De opkomst verschilde waarschijnlijk sterk van plaats tot plaats, van enkele duizenden tot 50.000 kiezers.
Rond 100 v.Chr. woonden er ongeveer 1 miljoen mannelijke Romeinse staatsburgers in het huidige Italië.
Pompeï stond vol verkiezingsleuzen
In Pompeï zijn meer dan 3000 inscripties met verkiezingsleuzen gevonden. Zo is er graffiti te zien over ene Vatia, die aedilis wilde worden. Er werd een uitgebreide haatcampagne tegen hem gevoerd met slogans als:
- ‘Ik sta achter Vatia als aedilis. Alle dronkenlappen bevelen hem aan.’
- ‘Zakkenrollers steunen Vatia als aedilis.’
Alles was gepland
Een Romeinse verkiezing was een complex gebeuren, en het belangrijkste doel was dat de rijken de macht grotendeels in handen hielden.

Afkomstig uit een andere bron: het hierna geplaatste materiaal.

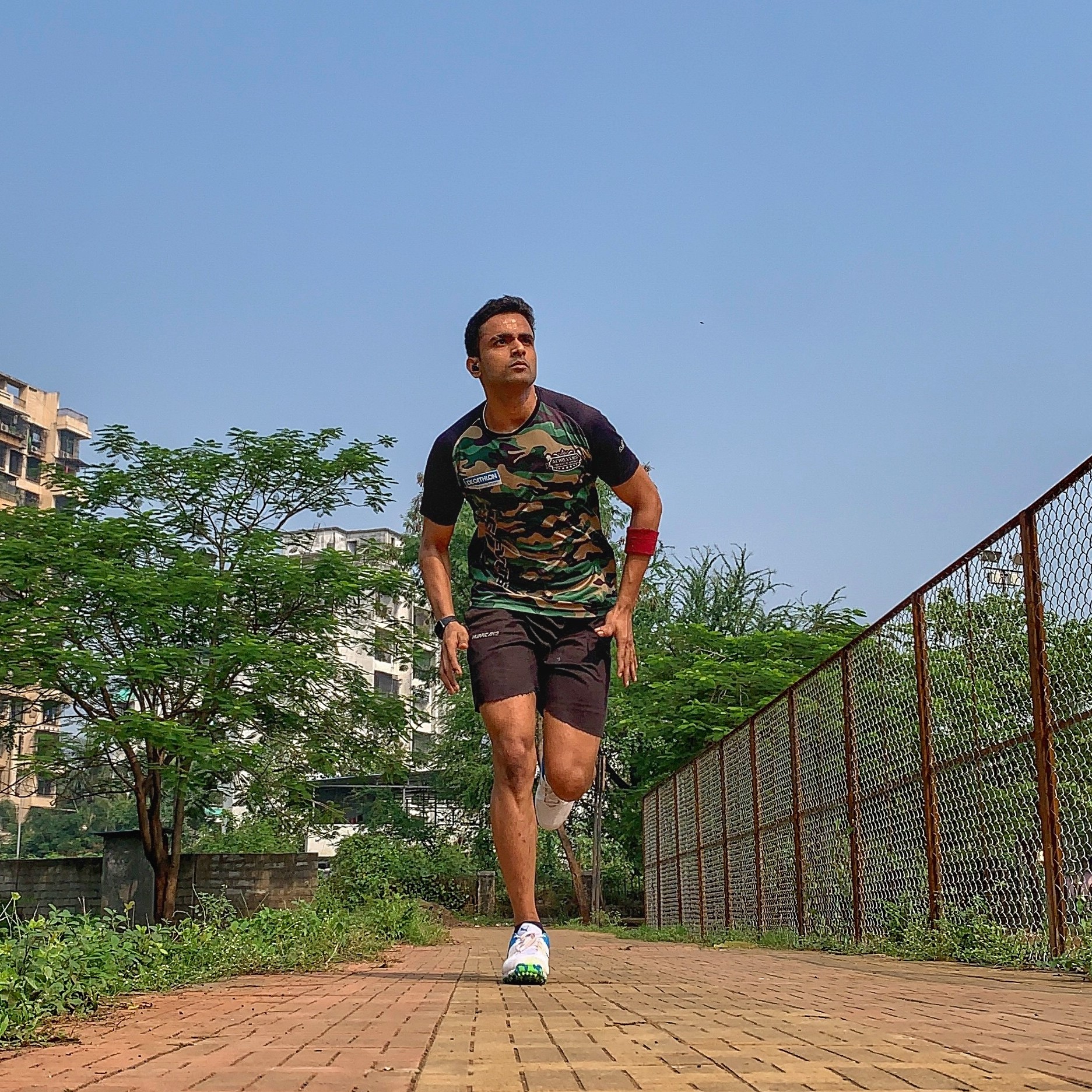 Kunal Jagtap — Human Performance Specialist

Tijdens de republiek werden de belangrijkste verkiezingen in de twee volksvergaderingen comitia centuriata en comitia tributa gehouden.
De hoogste ambtsdragers, consuls, censors en pretors, werden in de comitia centuriata gekozen. De Romeinen waren ingedeeld in vijf klassen en 193 centuriën.
Elke centurie had één collectieve stem, die bij meerderheid werd bepaald. De rijkste klasse stemde het eerst, en om gekozen te worden was een absolute meerderheid van tot op enig moment uitgebrachte stemmen voldoende.
Zo won een kandidaat vaak al voordat de armen aan de beurt waren geweest. Bovendien waren er meer centuriën van rijke dan van arme burgers.
De samenstelling van de comitia tributa, die lagere ambtsdragers koos, was iets meer een afspiegeling van de bevolking. De stemmen waren niet gebaseerd op vermogen, maar op woonplaats.
Alle Romeinse burgers waren ingedeeld in een van de 35 tribus. De opkomst van de tribus buiten Rome was echter meestal laag omdat burgers niet in staat waren naar de hoofdstad te reizen.
In beide volksvergaderingen werden rijken voorgetrokken. Als die samenwerkten, konden ze de uitslag van een verkiezing bepalen zonder dat de armen eraan te pas kwamen.
Dat was bewust zo geregeld, volgens Cicero zelf ‘om ervoor te zorgen dat de macht niet door het gepeupel, maar door de rijken wordt uitgeoefend’.
De rijken konden het echter niet altijd met elkaar eens worden, en volgens sommige bronnen waren de stemmen van arme Romeinen soms doorslaggevend.
Hoewel kandidaten in campagnes vooral wedijverden om de steun van de welgestelden, kwamen ze wel degelijk met voorstellen die populair waren bij de rest van de bevolking.
Cicero won en werd vermoord
Met de adviezen van zijn broer op zak kwam Cicero goed beslagen ten ijs tijdens de campagne van 64 v.Chr. Zijn tegenstanders waren Gaius Antonius Hybrida en Lucius Sergius Catilina, beiden ervaren politici met een bezoedelde reputatie.
Antonius had hoge schulden en was uit de senaat gezet, en Catilina pleegde incest met zijn zuster en was iets te dol op kleine jongetjes.
Cicero won de verkiezingen overtuigend en werd consul. Hij droomde van harmonie in de politiek en wilde de republiek sterker maken, maar daar kreeg hij de kans niet voor.
Het was een woelige tijd met veel spanningen tussen de elite en het gewone volk, dat weinig in de melk te brokkelen had. 20 jaar later draaide Cicero’s inzet voor de republiek uit op een debacle.
Hij werd vermoord in opdracht van Marcus Antonius tijdens de burgeroorlogen die volgden op de moord op Julius Caesar in 44 v.Chr.
Cicero had stevige kritiek geuit op Marcus Antonius, die zichzelf als erfgenaam van Caesar zag.